A ver, vale, hay días en que uno se levanta cruzado y encima si todo se va encadenando mal, pues se cruza aún más y termina viendo el vaso derramado, ni siquiera medio vacío. Es probable que hoy haya tenido uno de esos días, con lo cual, advierto que las opiniones que voy a verter aquí sobre Capri es posible que no tengan más fundamento que mi mal humor. Quizá.

He sido “coaccionada” para venir a Capri. Sí, pero no por maridísimo, ni por los genitori, ni mucho menos por la rubia o el ojazos. Me dejé llevar, este verano, por un redactor del Viajero de El País. El mismo que escribió cosas tan maravillosas de esta isla que no pude por menos que dejarme embaucar por sus palabras y volar, ya en sueños, hasta aquí. Y no, no estoy decepcionada, porque lo que el periodista contaba es cierto, la isla es preciosa, y sin embargo no creo que vuelva.

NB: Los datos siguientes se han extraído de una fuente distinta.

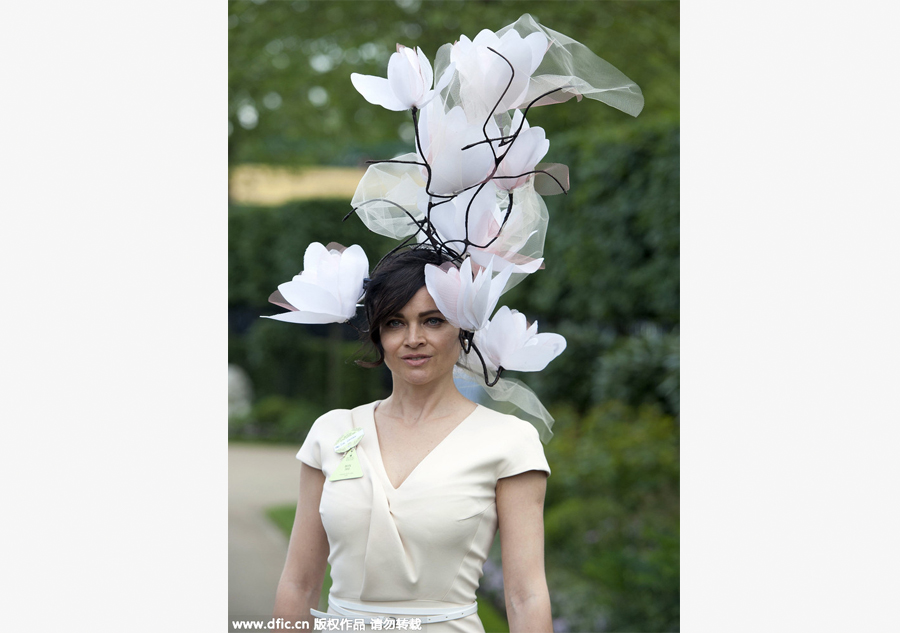 Race-goers get ahead with hats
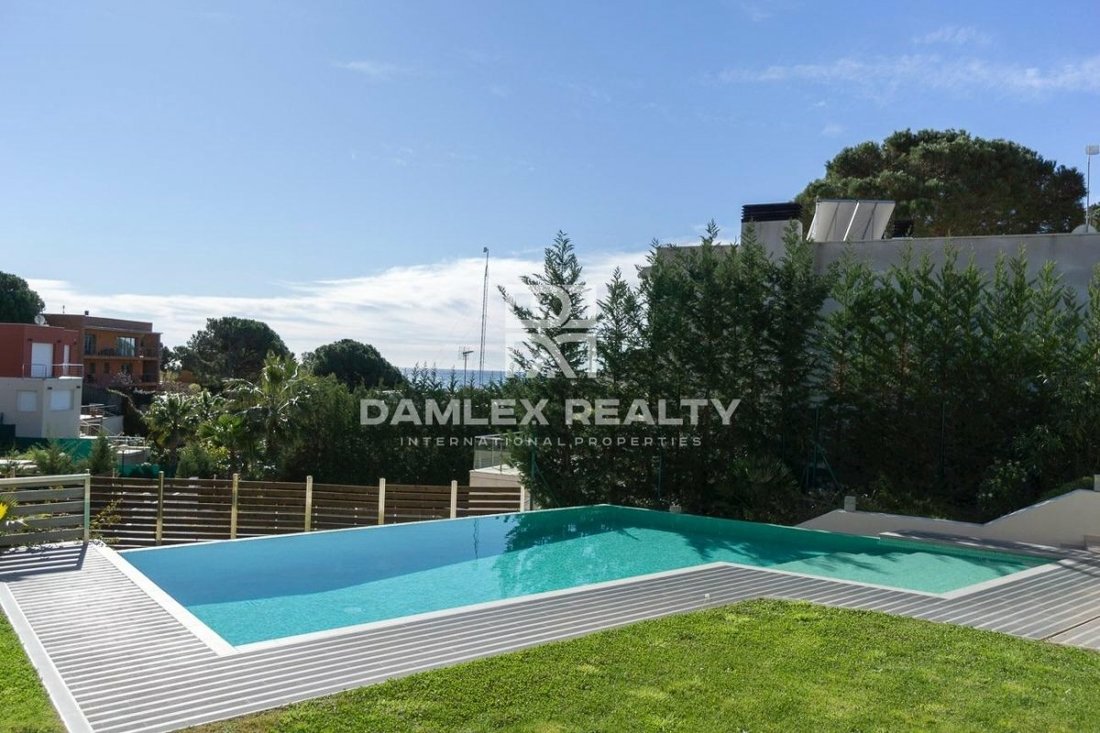 House in Lloret de Mar, Catalonia, Spain 2 - 10731334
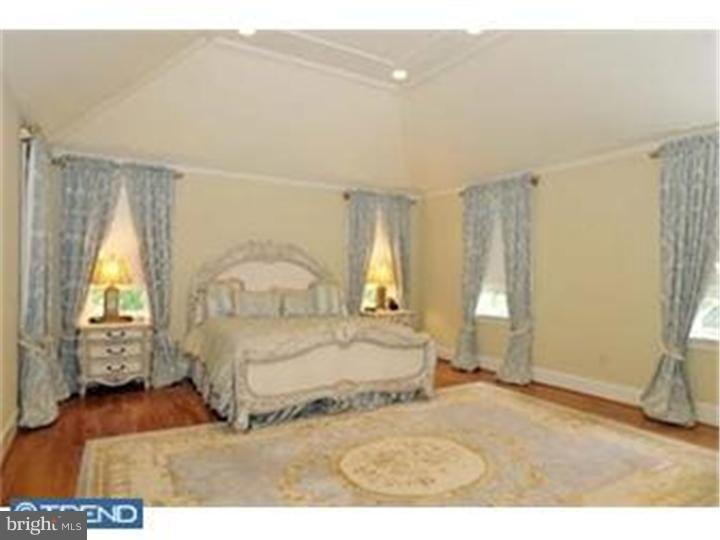 1010 Merion Square Road Gladwyne, PA 19035 - Photo 7 of 10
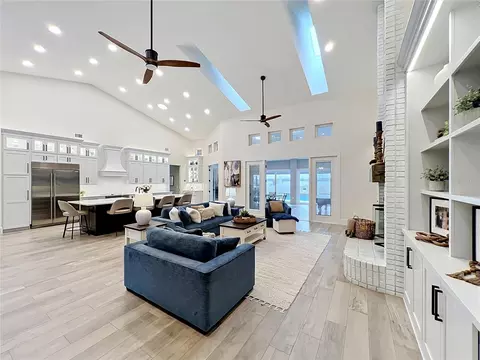 Living - 34449 Parkview Ave, Eustis, FL 32736 photo 5 of 6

Pero por culpa de los seres humanos, que somos los que la hacemos difícil de disfrutar.

Y es que, ya nada más bajar del barco, te sientes como una merina más, entre las hordas de turistas que van a pasar unas horas en la isla. Después, en la oficina de turismo te tiran el mapa a la cara, un policía municipal te insulta porque te equivocas de calle (ni se os ocurra pasar el coche), el del parking te trata de timar, al comer te cobran un 20% de servicio…Y es que los capreses no nos necesitan. Y Capri mucho menos. Gente que sube, que mira, fotografía, consume, baja y se va. Y mañana vendrán otros. Eso es todo. Y así nos tratan. Como a uno de esos limones con los que hacen limoncello: nos estrujan tratando de sacarnos toda la pulpa.
En cambio, las callejuelas estrechas que se entrecruzan formando un laberinto misterioso, Capri, Anacapri, los senderos que conducen entre el verde hasta el mar, las rocas dibujando formas maravillosas, las puestas de sol perdiéndose sobre el mar…¡¡todo eso es espectacular en Capri!!.